Eventually his blood pressure must have reached danger level as we started to push the saw table towards the grass. He grabbed a ten-lira note from his pocket, thrust it at us and turned to shout abuse at every inanimate object he could see.
We made a dignified departure on our little motorbikes.
What a difference to our time in Edremit!
Not a very nice start to the day, but it could only get worse. We were aiming for the campsite in Adana, and at a petrol stop Caroline and Beau checked tyre pressures. All ok.
A while after that, following Beau, I thought maybe his rear tyre looks a tiny bit soft. But no, he's just checked it, it must be ok.
Entering Mercin a moped rider points at the back of Beau's bike while we wait at a red light. I assume he's asking "What country?"
No, that wasn't want he asked so he points more closely at the wheel.
The lights change, we all move off and I pull round to the same side as the moped rider for a better look.
-Gulp! - Beau's rear tyre is alarmingly flat!
By the time we reach the air line at the next petrol station it virtually is flat. And just our luck, the airline has a leaking swivel joint that lets more air out than in unless you grip it at exactly the right angle.
On Beau's rear wheel, the nut on the valve stem is tight, and the stem leans at a crazy angle when we loosen it. Lastly, just to complete the picture, the nut on the security bolt is loose. Must programme in those daily pre-ride checks!
But we inflate the tyre good and hard, and it seems to be holding pressure.
We're a long way east here, on winter time, and it's dark by 5pm, which is by now pretty soon. So our only option is to find a hotel pretty quickly - unlit roads are full of potholes, invisible after sunset.
After a little while we strike lucky with a remarkably roomy place, full of the usual Turkish welcome and well-lit parking right outside the windows of the all-night reception. And Beau's tyre is still inflated.
And still the next morning also.
But the valve stem is at a serious angle which must be corrected. So the wheel comes off, let all the air out, completely loosen the security bolt, dislodge tyre bead and we fight a few rounds on the pavement with rim and tyre until the valve is vertical once again.
Bingo, the whole thing holds air ok.
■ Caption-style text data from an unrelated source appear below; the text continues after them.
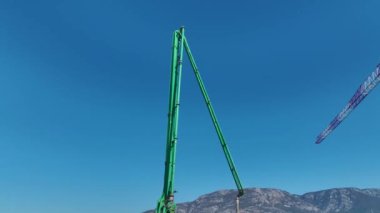 Hareketli bir bina aşaması dikey olarak kaydedildi.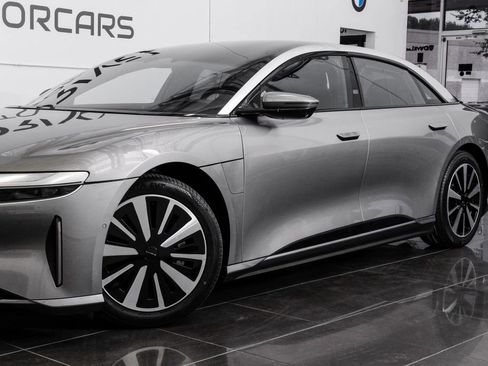 Used 2023 Lucid Air Touring AWD/4WD image 7
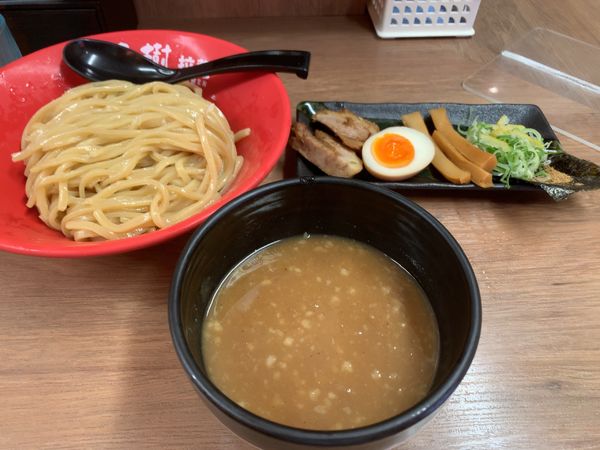 「超濃厚豚骨魚介つけ麺(並880円)」@エビ豚骨拉麺 春樹 代々木店の写真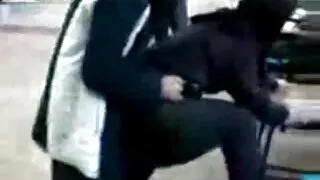 Сестра с бяла коса в ...
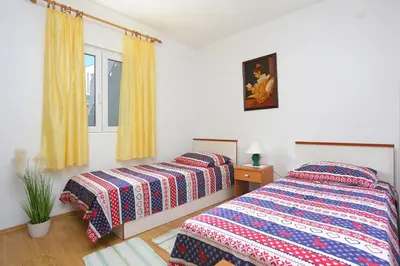 Krevet ili kreveti u jedinici u objektu Apartments by the sea Rogoznica - 20142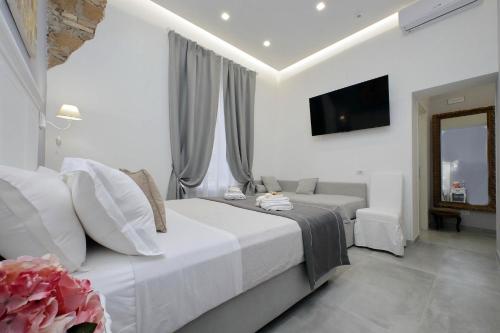 Roman Holiday Suites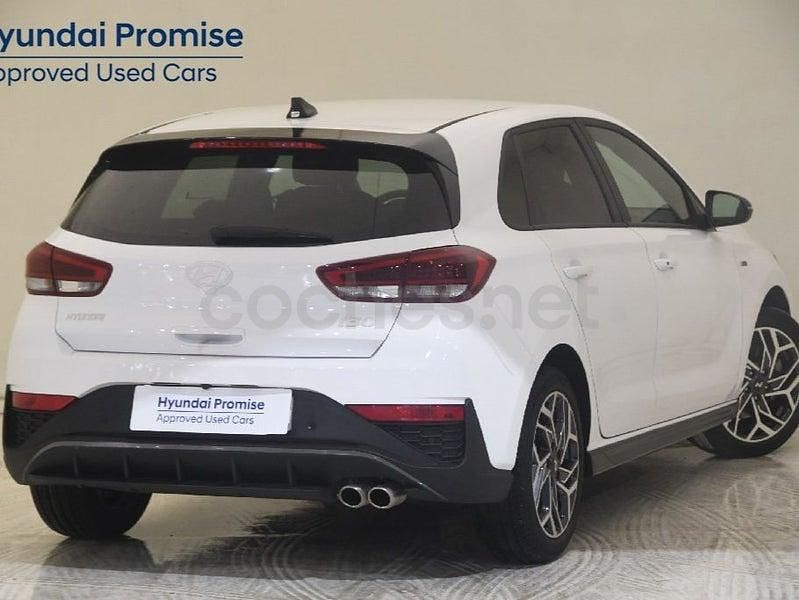 Usado Hyundai i30 N Line 100 CV (73 kW) 2025 Blanco Berlina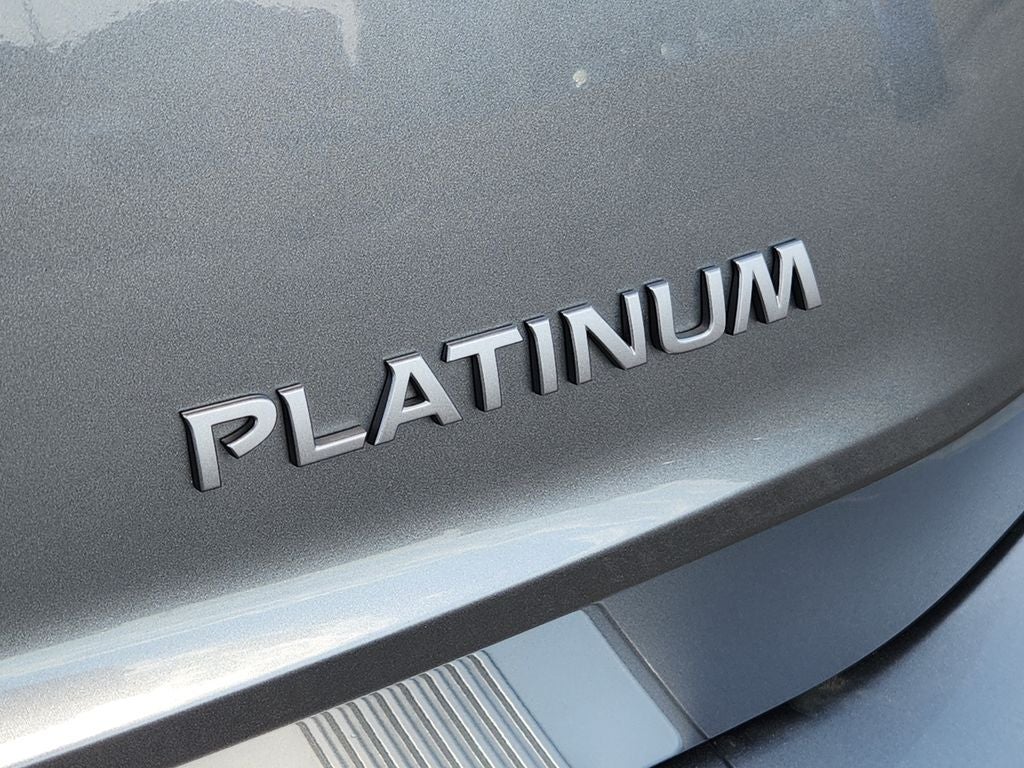 2025 Nissan Rogue Platinum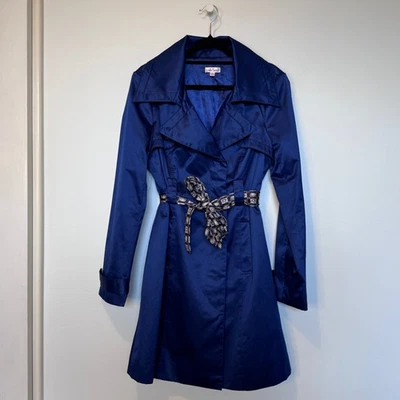 Trench coat azul Stella Forest – AU 10 – corte de cinto de seda - Imagem 1 de 4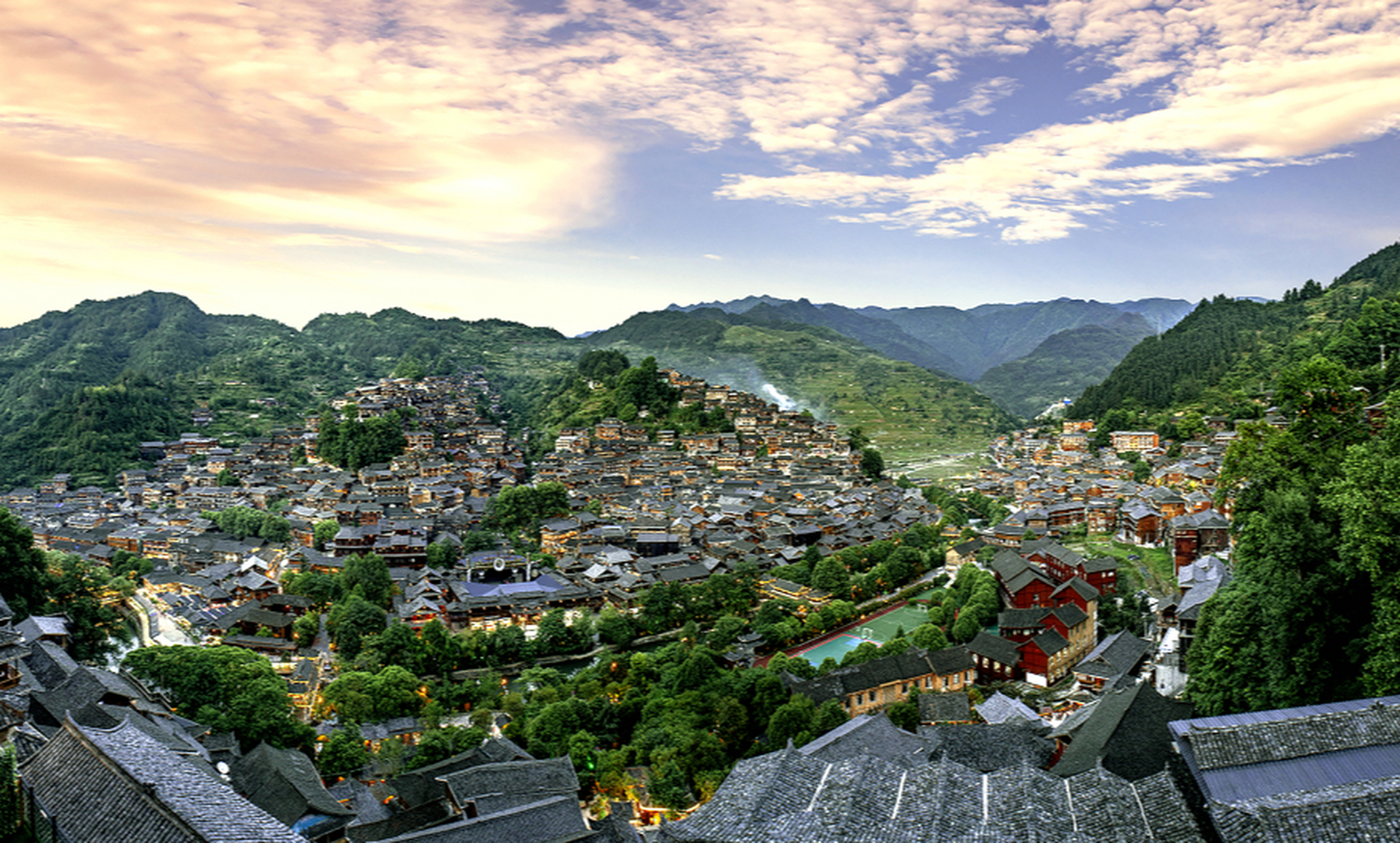 当春天的脚步轻轻踏进贵州郎德苗寨,万物复苏,生机勃勃.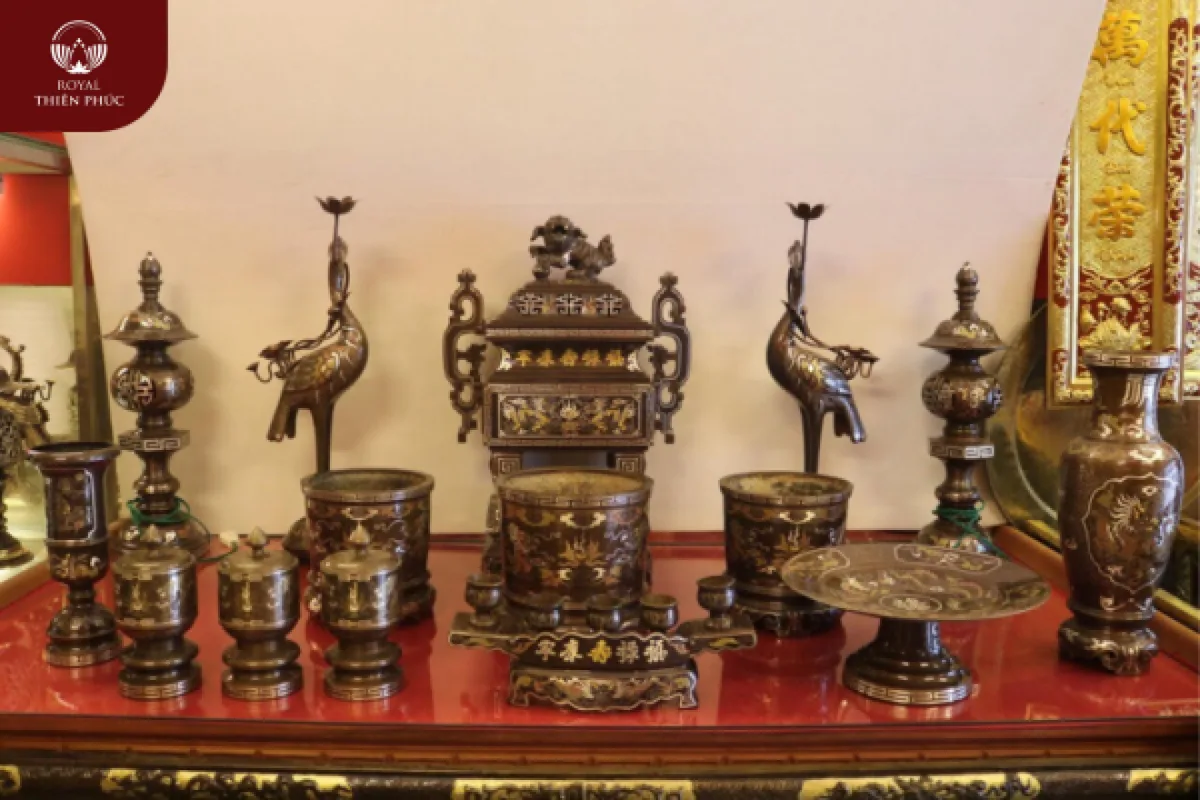 Bàn thờ Thần Linh và Gia Tiên là gì?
We conclude that when Beau checked the tyre pressure the day before, the valve did not reseat properly - not an unknown occurrence.
Beau packs away tools and stuff into panniers, which involves placing a bag and a jacket on the pavement to make room.
There are a lot of children around here mostly well-educated who find glee in practising their English on us. It's a bit distracting, and in an unguarded moment an opportunistic child or adult, we know not which, surreptitiously makes of with bag and jacket. A disaster for Beau as one contains his camera and, most seriously, his PhD work on a couple of memory sticks. The jacket had some tools in the pockets.
The hotel staff help out, call the police, and the long process of statements and crime reports commences. For this, Beau and Caroline are escorted to the local police station and an English teacher from a local school is brought in as interpreter. Turkish police take crime involving tourists very seriously so Beau and Caroline are whisked off to the District HQ for a personal audience with the Chief of Police. He's profoundly apologetic and explains they have a good record of recovering belongings stolen from tourists. All this takes many hours, so darkness has fallen by the time they return to the hotel where I have had a pleasant interlude with the friendly hotel cleaner.
He was determined to explain something of great importance to me and had many attempts at making a start, none of which I could understand in the slightest. He refused to give up and it was hard work, for me anyway. Eventually we made progress beyond the topic of 'England', managing to convey that he wanted to know what town I lived in. Then, do people keep budgerigars there? Do I have a budgerigar? Do budgerigars in England speak English?
Now progress speeded up. He keeps budgies. Using the hotel's computer, here's a budgerigar website on the internet. He teaches his budgerigars to speak Turkish. Here's a video on the internet showing two of his budgies conversing in Turkish. He has many budgies that he's very proud of. Here's another video of them chatting.
Lets have some tea.
Police reports always take a long time.
And so on. All with sign language, a few oft-repeated Turkish words and a few spare hours.
He finished with "It's time for me to go home now. Hope those two aren't too much longer. See you in the morning." (All sign language).
The next morning we departed for what we hoped would be our last overnight stop before entering Syria, sadly without Beau's camera and university work but at least with air in his tyre.
We'd been in Turkey a long while and it was time for the next country.